PDA

View Full Version : How To Stop Content Stealing?



ozgression
01-20-2005, 04:44 PM
What are the best ways to prevent people from using bots/software etc. to steal your websites content to reproduce it elsewhere? I realize I can't stop people copy and pasting every page of my site's content, but I would at the very least like to prevent "mass theft" of my content.

Cheers...

Chris
01-20-2005, 04:59 PM
1. Check User Agents and redirect the bad ones elsewhere.

No legitimate program allows user agent changing, if you can change your user agent the program is theft-ware. Its like calling trojan horses remote administration tools.

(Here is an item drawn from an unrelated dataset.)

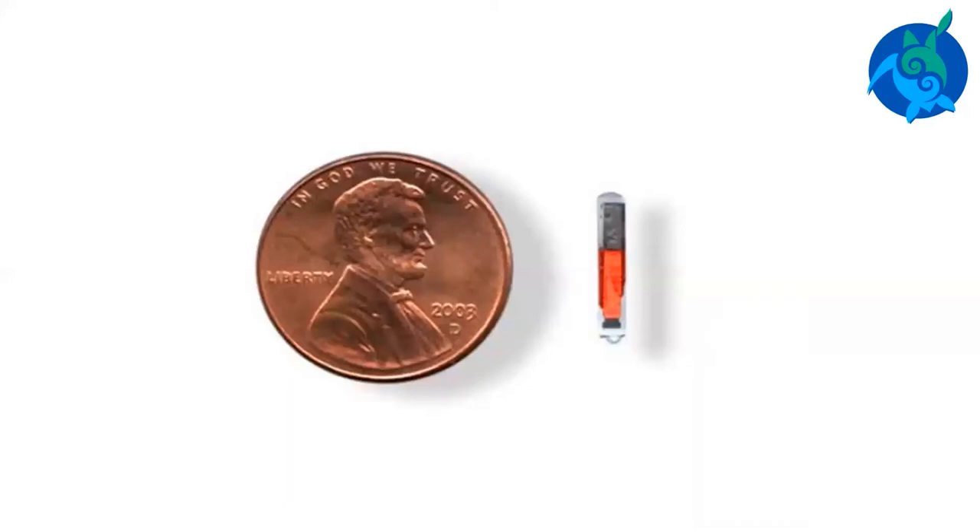Pit tags are very small electronic tags about the size of a grain of rice. They are injected under the skin of the sea turtle. These are similar to the microchips that can be used in dogs. These tags are used to identify individual turtles and can be read using a special scanner. Pit tags are expensive and are usually not used in hatchlings or very small turtles. Pit tags probably last for the life of the turtle.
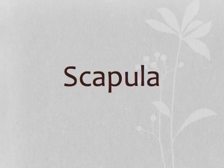Next we have the scapula. The scapula is also known as the shoulder blades, and they're just triangular shaped bones. They're commonly called the wings.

Anyways, for those who do change the user agent, you can't do it (unless you know their user agent is still fake, for instance if it is blank, or just says "Mozilla" or something like that.)

2. Check your logs for large requests from 1 IP, check out who owns the IP and it's viewing behavior. If it looks suspicious and is not a real search engine, block it.

3. For repeat offenders with changing IPs I've blocked entire chunks of IPs.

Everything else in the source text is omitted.